> [Supplied material]
# # # # # # #

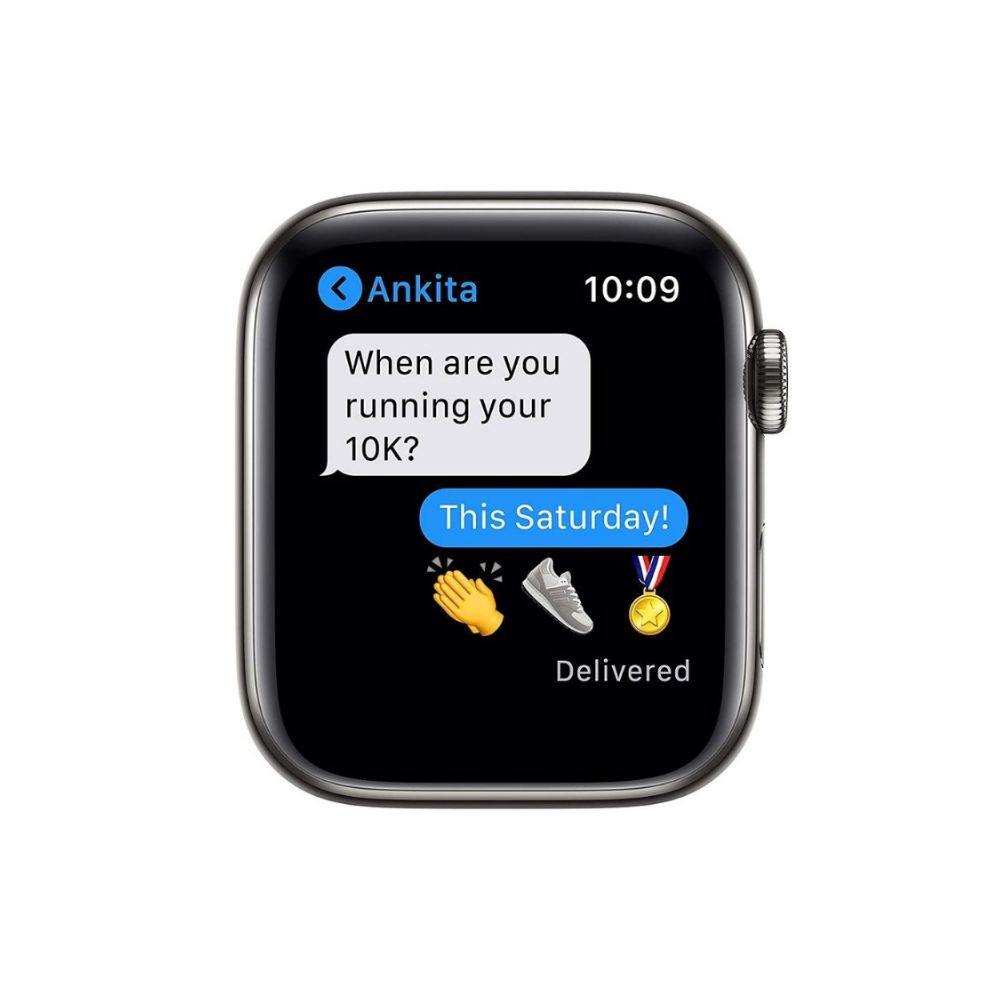 New Apple Watch Series 6 (GPS + Cellular, 44mm) - Graphite Stainless Steel Case with Black Sport Band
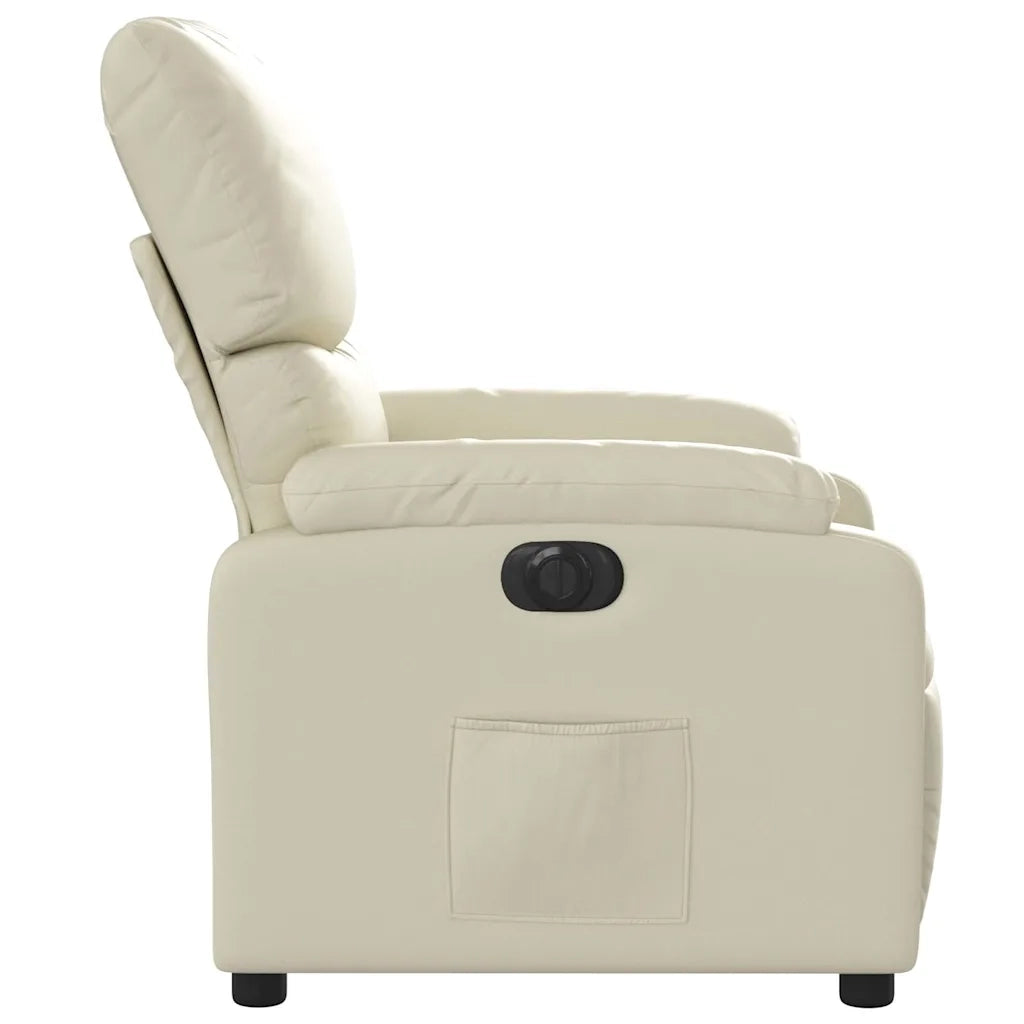 Divano Sedia-Poltrona Reclinabile Elettrica Crema in Similpelle 561019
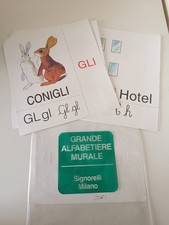 Alfabeto murale Alfabetiere Signorelli Milano 28 schede cm 32,5x28,5 perfette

# # # # # # #

> [To do] Give back the listing exactly, without a single picture.

> [Worked solution]
 New Apple Watch Series 6 (GPS + Cellular, 44mm) - Graphite Stainless Steel Case with Black Sport Band
 Divano Sedia-Poltrona Reclinabile Elettrica Crema in Similpelle 561019
 Alfabeto murale Alfabetiere Signorelli Milano 28 schede cm 32,5x28,5 perfette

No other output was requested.